### RECORDS PROVIDED ###

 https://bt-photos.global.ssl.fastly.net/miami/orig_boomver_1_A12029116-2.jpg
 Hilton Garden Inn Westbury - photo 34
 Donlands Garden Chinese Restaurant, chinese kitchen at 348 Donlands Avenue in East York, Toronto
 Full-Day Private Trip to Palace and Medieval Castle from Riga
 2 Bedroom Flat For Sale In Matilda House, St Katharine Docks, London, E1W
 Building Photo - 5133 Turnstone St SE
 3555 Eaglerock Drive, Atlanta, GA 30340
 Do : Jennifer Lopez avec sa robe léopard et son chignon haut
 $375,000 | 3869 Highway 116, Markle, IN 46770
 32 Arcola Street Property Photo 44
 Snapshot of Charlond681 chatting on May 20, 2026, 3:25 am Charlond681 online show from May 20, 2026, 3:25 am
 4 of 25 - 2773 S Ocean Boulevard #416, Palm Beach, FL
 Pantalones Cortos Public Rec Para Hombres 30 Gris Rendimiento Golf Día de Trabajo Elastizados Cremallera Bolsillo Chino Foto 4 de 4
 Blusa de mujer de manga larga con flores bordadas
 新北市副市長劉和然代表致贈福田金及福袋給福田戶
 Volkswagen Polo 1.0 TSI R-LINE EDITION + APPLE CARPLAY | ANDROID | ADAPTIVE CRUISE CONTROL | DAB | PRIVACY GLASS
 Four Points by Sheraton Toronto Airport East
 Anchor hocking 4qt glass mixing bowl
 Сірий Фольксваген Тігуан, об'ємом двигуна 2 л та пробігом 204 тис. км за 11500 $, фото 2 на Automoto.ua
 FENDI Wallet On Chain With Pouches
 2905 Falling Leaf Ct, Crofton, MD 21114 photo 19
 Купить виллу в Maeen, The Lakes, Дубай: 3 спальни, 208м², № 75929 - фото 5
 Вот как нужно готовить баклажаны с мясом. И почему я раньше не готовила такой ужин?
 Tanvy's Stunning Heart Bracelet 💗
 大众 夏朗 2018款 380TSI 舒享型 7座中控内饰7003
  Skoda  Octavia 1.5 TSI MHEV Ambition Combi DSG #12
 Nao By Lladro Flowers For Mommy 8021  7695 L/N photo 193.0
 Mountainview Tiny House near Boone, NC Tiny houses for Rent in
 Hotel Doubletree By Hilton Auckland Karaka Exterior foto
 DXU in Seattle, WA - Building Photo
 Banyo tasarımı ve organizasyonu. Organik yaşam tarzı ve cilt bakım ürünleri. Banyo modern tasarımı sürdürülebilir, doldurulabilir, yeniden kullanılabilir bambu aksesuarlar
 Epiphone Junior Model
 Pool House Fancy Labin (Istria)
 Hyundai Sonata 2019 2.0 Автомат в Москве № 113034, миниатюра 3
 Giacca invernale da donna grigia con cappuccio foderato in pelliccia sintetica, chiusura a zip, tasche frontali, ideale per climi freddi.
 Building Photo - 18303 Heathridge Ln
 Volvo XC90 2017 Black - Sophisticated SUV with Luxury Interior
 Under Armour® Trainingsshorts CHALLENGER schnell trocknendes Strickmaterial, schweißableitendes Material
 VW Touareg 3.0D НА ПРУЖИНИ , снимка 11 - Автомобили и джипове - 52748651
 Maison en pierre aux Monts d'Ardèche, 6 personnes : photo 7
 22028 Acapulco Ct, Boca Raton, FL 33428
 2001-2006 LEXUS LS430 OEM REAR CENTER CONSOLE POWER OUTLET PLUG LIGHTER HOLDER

###

(EXERCISE INSTRUCTIONS)
The lines needed are those in the data above that hold the string "East"; copy each of them.

(SOLUTION TO THIS TASK)
 Donlands Garden Chinese Restaurant, chinese kitchen at 348 Donlands Avenue in East York, Toronto
 Four Points by Sheraton Toronto Airport East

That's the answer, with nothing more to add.